= Pacman conjecture =

Economic theory

The conjecture compares the behavior of "get-it-while-you-can" consumers to that of the videogame character Pac-Man, who hungrily eats all available dots.

The Pacman conjecture holds that durable-goods monopolists have complete market power and so can exercise perfect price discrimination, thus extracting the total surplus. This is in contrast to the Coase conjecture which holds that a durable goods monopolist has no market power, and so price is equal to the competitive market price.

In a December 1989 journal article Mark Bagnoli, Stephen W. Salant, and Joseph E. Swierzbinski theorized that if each consumer could be relied upon to buy a good as soon as its price dipped below a certain point (with different consumers valuing goods differently, but all pursuing the same "get-it-while-you-can" strategy), then a monopolist could set prices very high initially and then "eat his way down the demand curve", extracting maximum profit in what Bagnoli et al. called "the Pacman strategy" after the voracious video game character.

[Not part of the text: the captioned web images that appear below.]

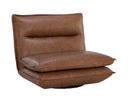Cognac Leather Chair Colson Swivel Armless by Matho Sun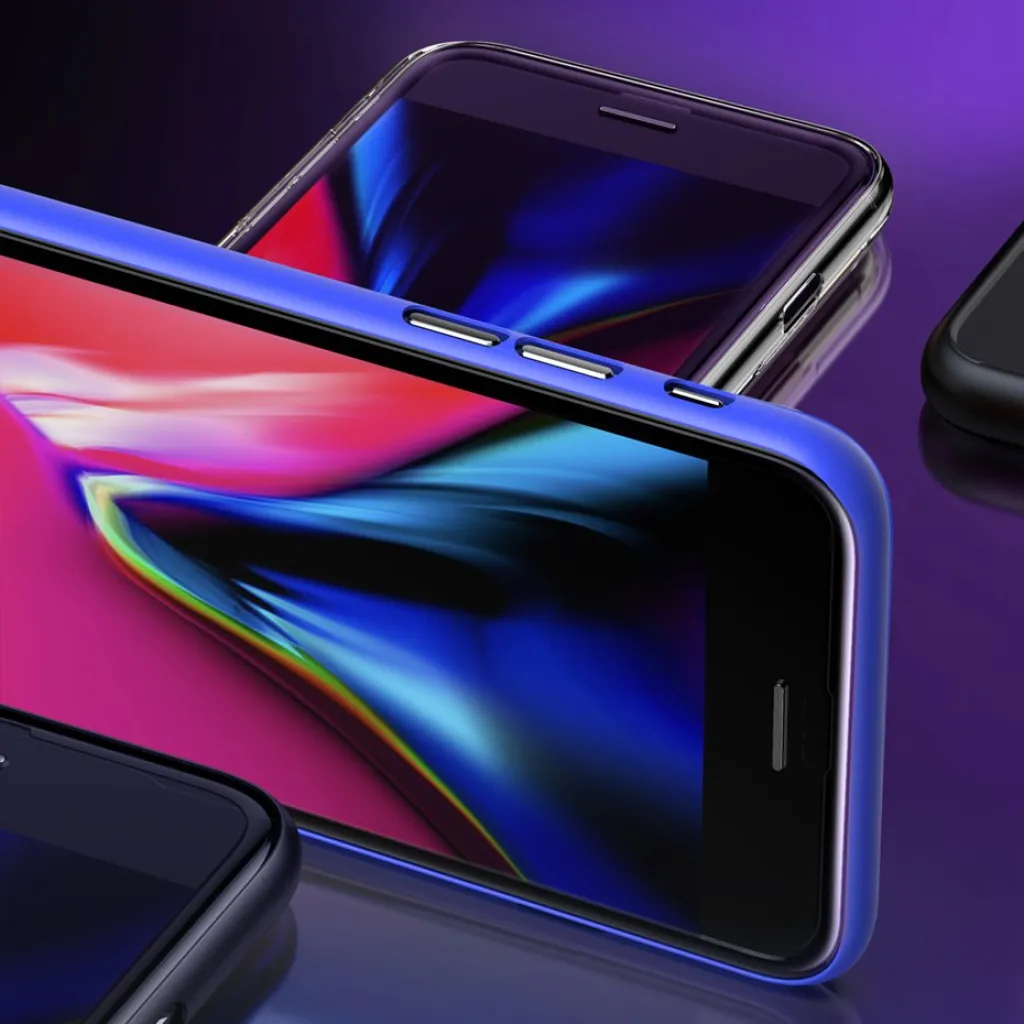 Baseus 3D kijelzővédő 9H Anti-Blue Light üvegfólia PET kerettel iPhone 6 Plus/ 6s Plus/ 7 Plus/ 8 Plus fekete - 16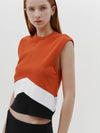 viscose jersey contrast tank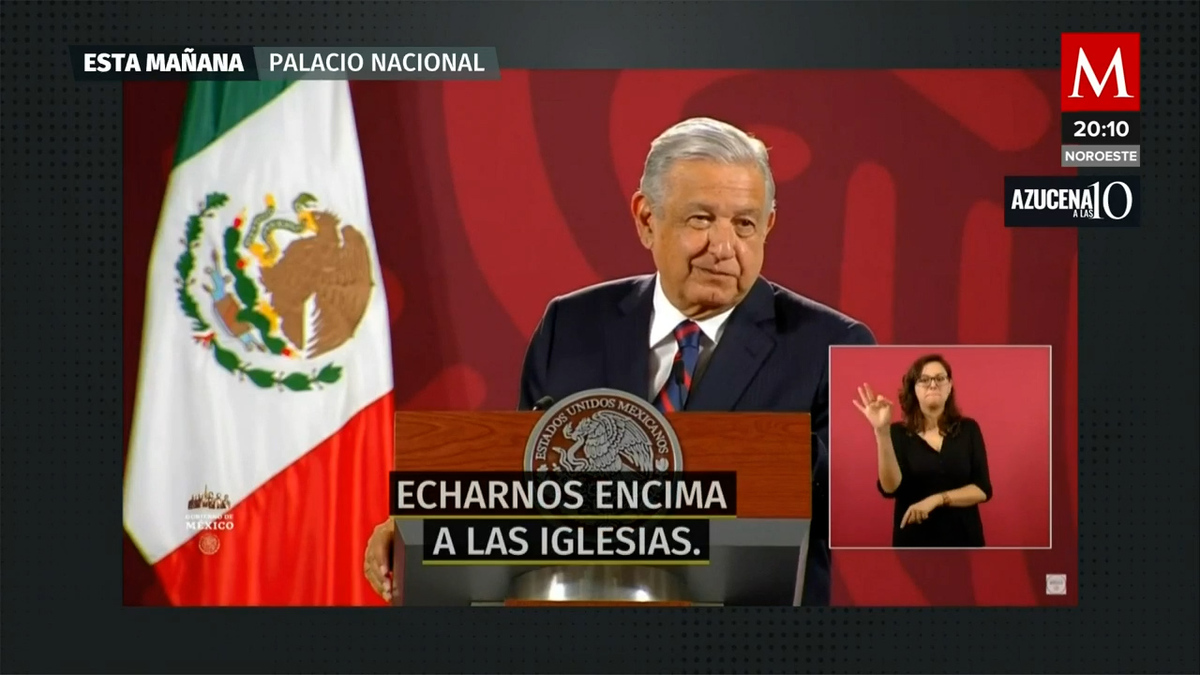AMLO: En críticas del clero hay mano negra de conservadores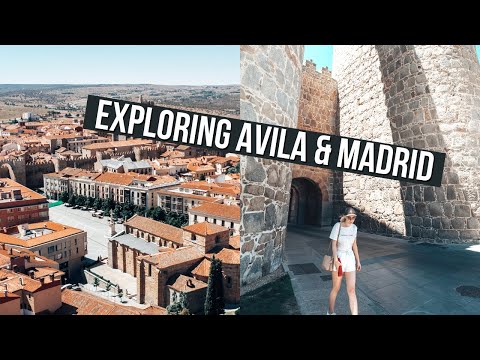 Exploring Avila and Madrid! [Europe Travel Vlog] [Video]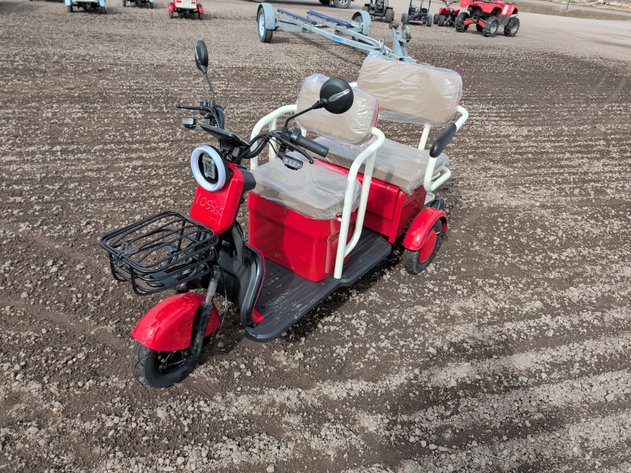 Image for IRGC40 COMPACT 60V ELECTRIC THREE-WHEELED MINI GOLF CART AND UTILITY SCOOTER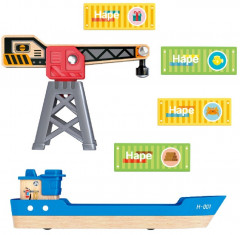 Набор игровой «Грузовой корабль и подъемный кран» - Фото 2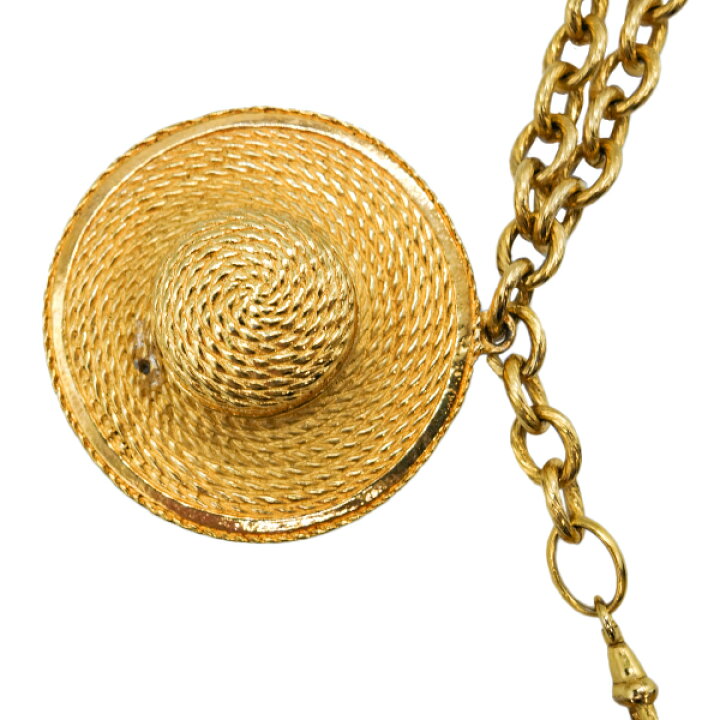 楽天市場】【中古】CHANEL シャネル チェーンネックレス 麦わら帽子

Specifically, Bagnoli et al. state that "Pacman is a sequential best reply to get-it-while-you-can", a result they call "the Pacman Theorem". Their proof, however, relies strongly on the assumption that there is an infinite time horizon.

==Durable-goods monopolists and the Coase conjecture==
A durable-goods monopolist sells goods which are in finite supply and which last forever, (not depreciating over time). According to the Coase Conjecture, such a monopolist has no market power as it is in competition with itself; the more of the good it sells in period one the less it will be able to sell in future periods.

Assuming marginal costs are zero. In the first period the monopolist will produce quantity (Q_{1}) where marginal cost = marginal revenue and so extract the monopoly surplus. However, in the second period the monopolist will face a new residual demand curve (Q − Q_{1}) and so will produce quantity where the new marginal revenue is equal to the marginal cost, which is at the competitive market price.

There is then an incentive for consumers to delay purchase of the good as they realize that its price will decrease over time. If buyers are patient enough they will not buy until the price falls and so durable goods monopolists face a horizontal demand curve at the equilibrium price and so will have no market power.

==Durable-goods monopolists and the Pacman conjecture==
The Pacman Conjecture on the other hand holds that consumers realize the price of the good will only fall when they purchase the good; therefore, a patient monopolist can exercise full market power and perfectly price-discriminate.

The monopolist sets the price of the durable good at time t equal to the highest reservation price of a consumer who hasn't purchased prior to that point t. The consumer then buys the good as soon as it is equal to their reservation price, as they realize price will not fall further unless they purchase it. (Bagnoli et al. refer to buyers exhibiting this behavior as "type ℓ buyers", or "buyers following the get-it-while-you-can strategy".)

The Pacman Conjecture requires that the monopolist to have perfect information about consumer reservation prices and an infinite time horizon. The buyers must not only follow the get-it-while-you-can strategy, but also must faithfully believe that the monopolist is following a perfect Pacman strategy (as otherwise they would be tempted to match patience with the monopolist in hopes of getting a better deal later). The monopolist will exercise full market power over the buyers in that pool, but will not be able to extract similar surpluses from buyers who come in from outside (for example, the children of the original buyers) without deviating from the pure Pacman strategy.

==Differences between Coase and Pacman conjectures==
===Pacman conjecture===
- finite set of buyers,
- infinite time horizon,
- monopolists have maximum market power,
- monopolists perfectly price-discriminate.

===Coase conjecture===
- Patient buyers (discount factor greater than or equal to 0.5),
- non-atomic buyers,
- infinite time horizon,
- reservation prices are continuous,
- monopolists have no market power,
- price is equal to the perfectly competitive price equilibrium.